Ensure your boxwood has adequate protection from extreme temperatures throughout the year.
- Fungal Growth
Although boxwoods are generally hardy shrubs, they are vulnerable to fungal growth that can turn the leaves yellow.
Fungal diseases such as volutella blight or phytophthora root rot can cause foliage to become yellowed with small black spots. Additional signs of a fungal infection may include stunted growth, thinning foliage, and branches drooping.
To prevent fungal growth, ensure proper planting and care of boxwoods. Planting in soil that is well-draining and does not remain overly wet can help to reduce the risk of fungal infection.
How to prevent Boxwoods from turning yellow?

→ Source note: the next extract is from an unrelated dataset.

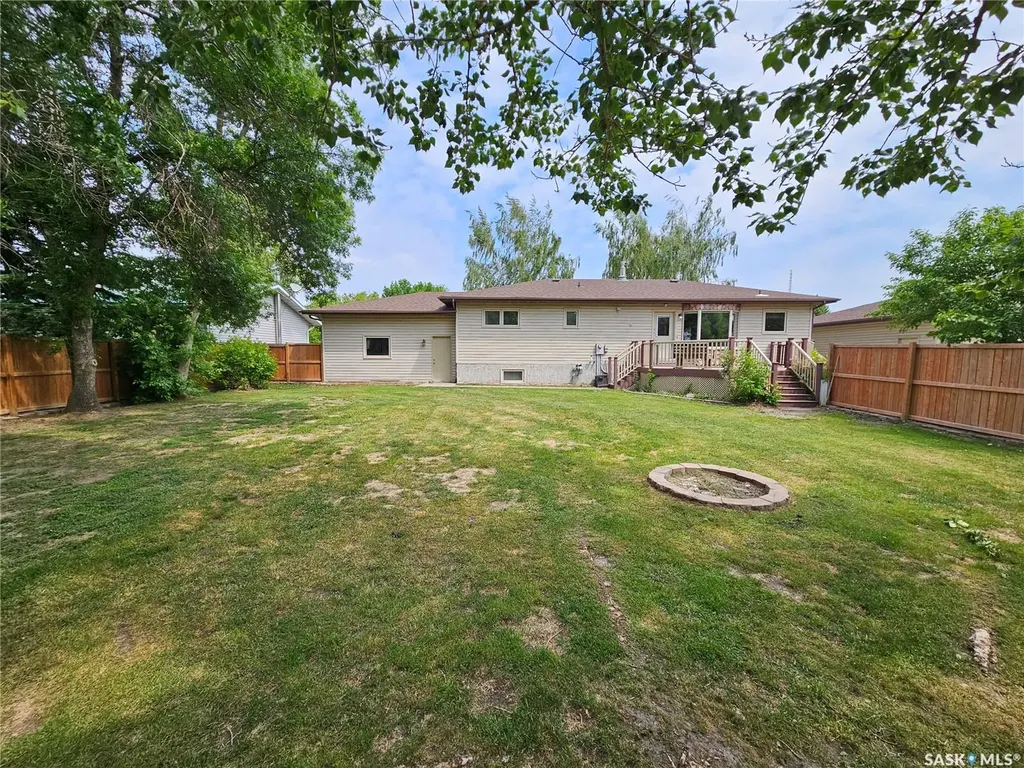 206 W 1st Street Alida SK S0C 0B0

Many people enjoy the lush and vibrant green foliage of boxwoods in their gardens. Unfortunately, this may sometimes be disrupted by the yellowing or discoloration of some or all of the leaves.
To prevent this, it is important to consider a few factors that can cause boxwoods to turn yellow.
Soil pH Balance: The soil pH level of the area in which your boxwood is planted plays an important role in whether or not its leaves will turn yellow. Boxwoods prefer slightly acidic soil, with a pH range between 6 and 7.
Soil testing kits are available at garden stores and online, so you can check the pH balance of your soil and make any necessary adjustments.
Fertilizer: Using the wrong fertilizer can also cause boxwoods to turn yellow. Generally, slow-release fertilizer is best for boxwoods, as it will provide them with steady and balanced nutrition throughout their growing season.
Water: Boxwoods need a consistent moisture supply to thrive, but overwatering can lead to yellow discoloration in their leaves.
It is important to check your soil regularly and provide adequate water only when needed. Mulching around the base of your boxwood will help.
With these tips, you’ll be able to prevent your boxwoods from turning yellow. Remember, it is also important to keep an eye on the affected plants so that you can take prompt action if a problem arises.
With some extra care and attention, you should be able to maintain the lush green foliage of your boxwoods for years to come!